### What to produce
Apart from the pictures, every line below needs to be reproduced verbatim.

### Data segment
--- START ---
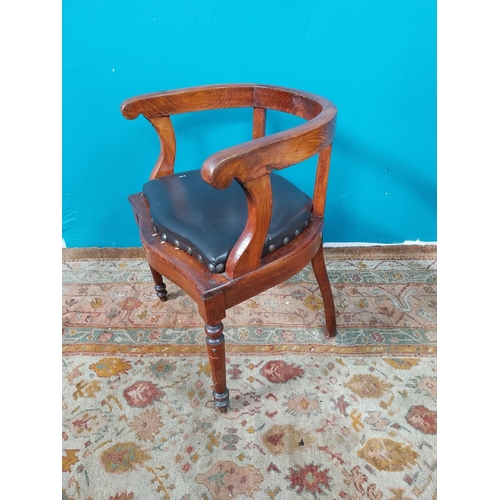 762 - Edwardian oak office chair with inset leather seat, raised on turned legs { 74cm H X 58cm W X 52cm D... 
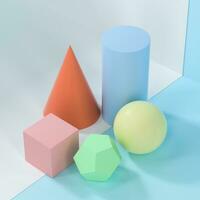 Still life presentation of geometric objects, 3d rendering. photo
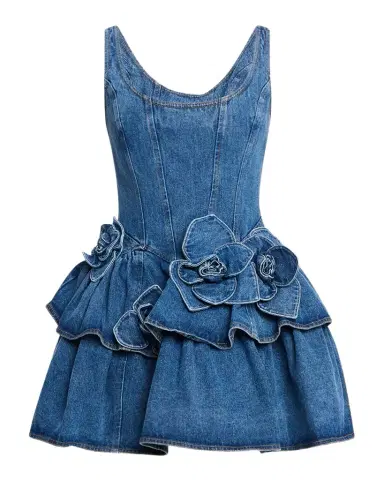 Aknvas Devyn Denim Ruffle Mini Dress | Thumbnail 1 Aknvas Devyn Denim Ruffle Mini Dress | Thumbnail 1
--- END ---
### Solved problem
 762 - Edwardian oak office chair with inset leather seat, raised on turned legs { 74cm H X 58cm W X 52cm D... 
 Still life presentation of geometric objects, 3d rendering. photo
 Aknvas Devyn Denim Ruffle Mini Dress | Thumbnail 1 Aknvas Devyn Denim Ruffle Mini Dress | Thumbnail 1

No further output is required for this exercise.